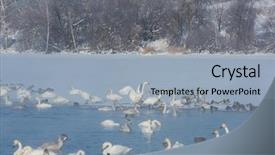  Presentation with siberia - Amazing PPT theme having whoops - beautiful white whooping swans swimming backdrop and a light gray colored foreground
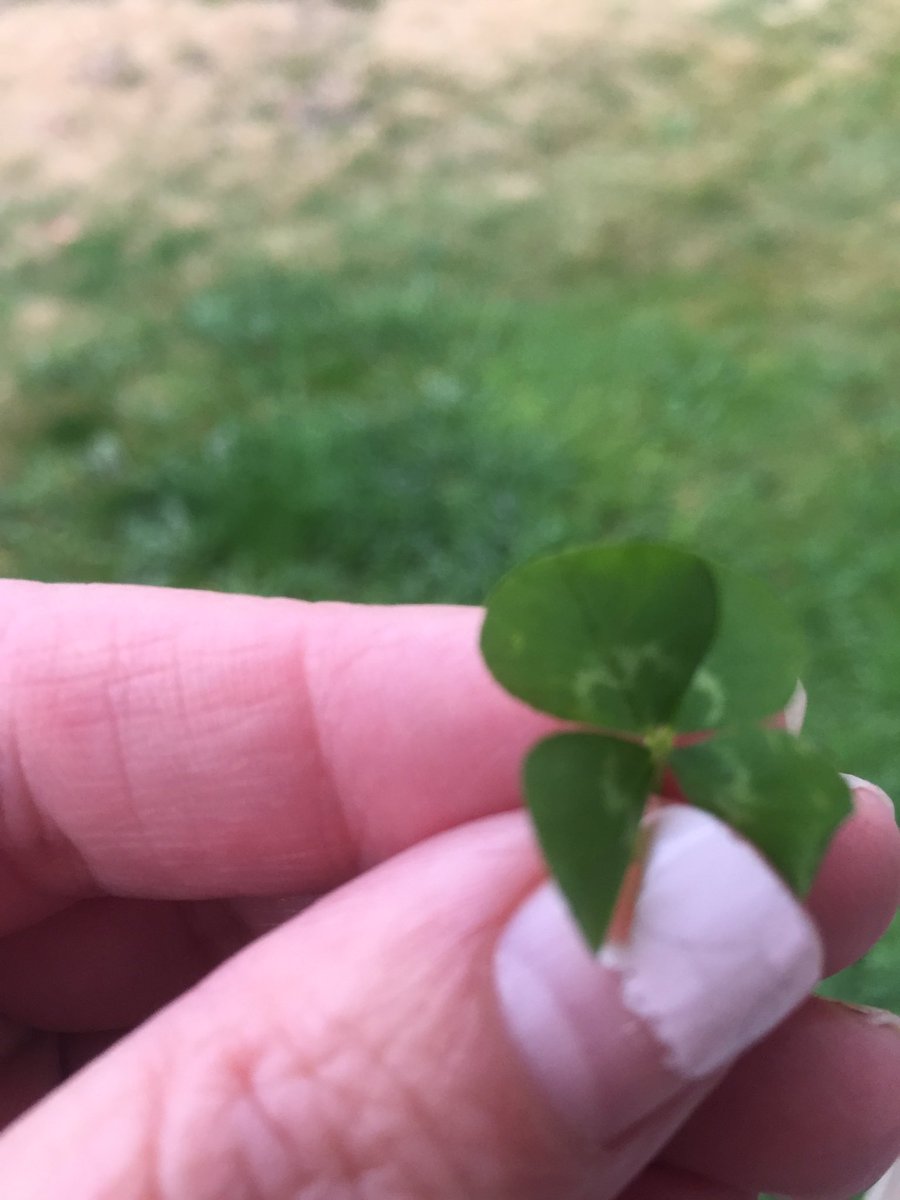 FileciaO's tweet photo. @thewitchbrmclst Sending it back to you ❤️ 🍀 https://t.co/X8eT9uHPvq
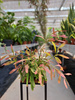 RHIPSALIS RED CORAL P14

───

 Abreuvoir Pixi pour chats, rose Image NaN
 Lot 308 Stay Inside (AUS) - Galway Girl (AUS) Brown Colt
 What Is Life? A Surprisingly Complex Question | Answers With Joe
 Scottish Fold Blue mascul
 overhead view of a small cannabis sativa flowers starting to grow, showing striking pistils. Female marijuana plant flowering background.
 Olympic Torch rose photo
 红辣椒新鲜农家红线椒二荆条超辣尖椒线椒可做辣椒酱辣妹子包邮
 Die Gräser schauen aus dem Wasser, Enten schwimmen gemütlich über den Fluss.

───

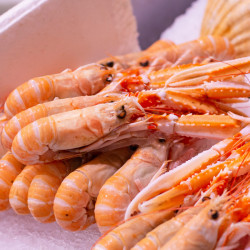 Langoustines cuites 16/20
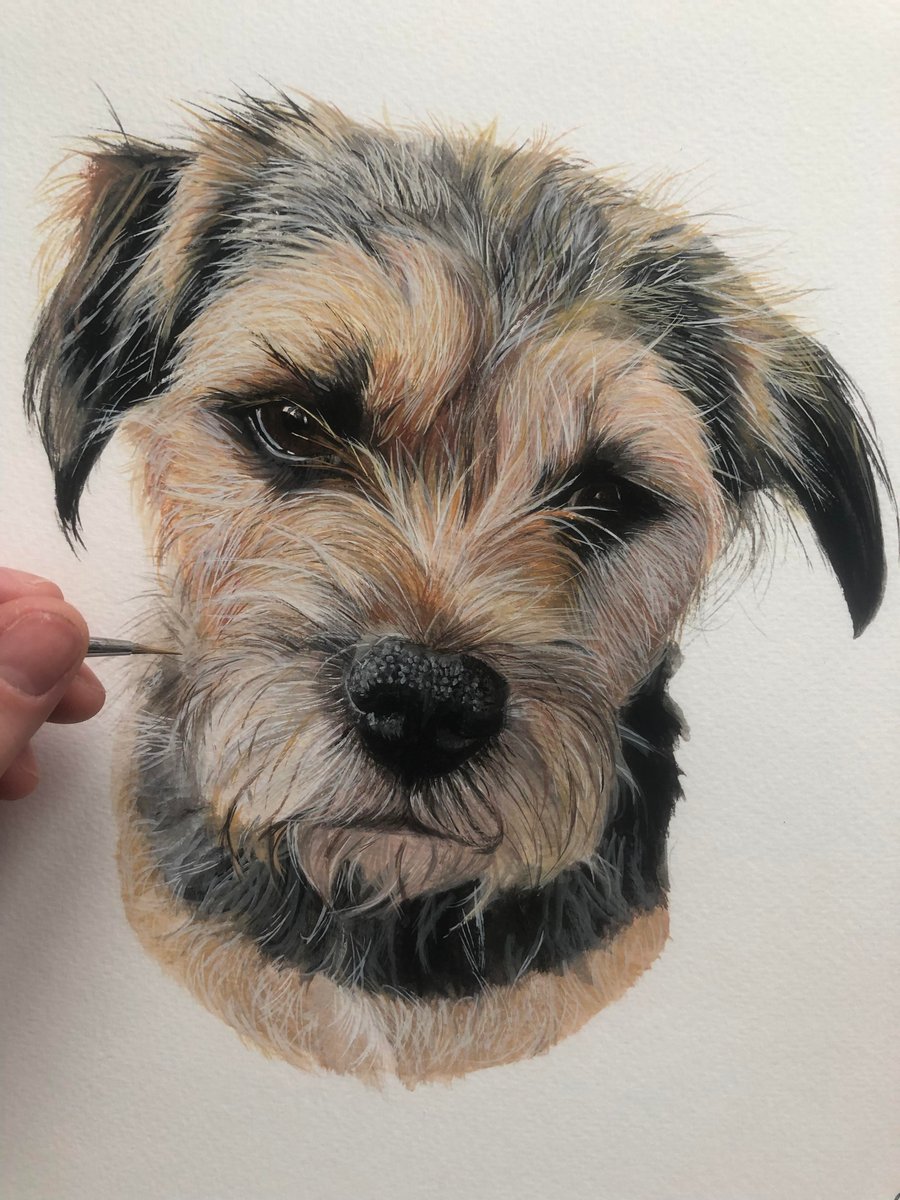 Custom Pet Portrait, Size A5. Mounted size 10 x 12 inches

───

• [The problem]: Make an exact copy of the lines above, beginning with the line with "Presentation with siberia" and ending with the line with "RHIPSALIS RED CORAL P14", and keep the pictures out of it.

• [Task output]:
  Presentation with siberia - Amazing PPT theme having whoops - beautiful white whooping swans swimming backdrop and a light gray colored foreground
 FileciaO's tweet photo. @thewitchbrmclst Sending it back to you ❤️ 🍀 https://t.co/X8eT9uHPvq
 RHIPSALIS RED CORAL P14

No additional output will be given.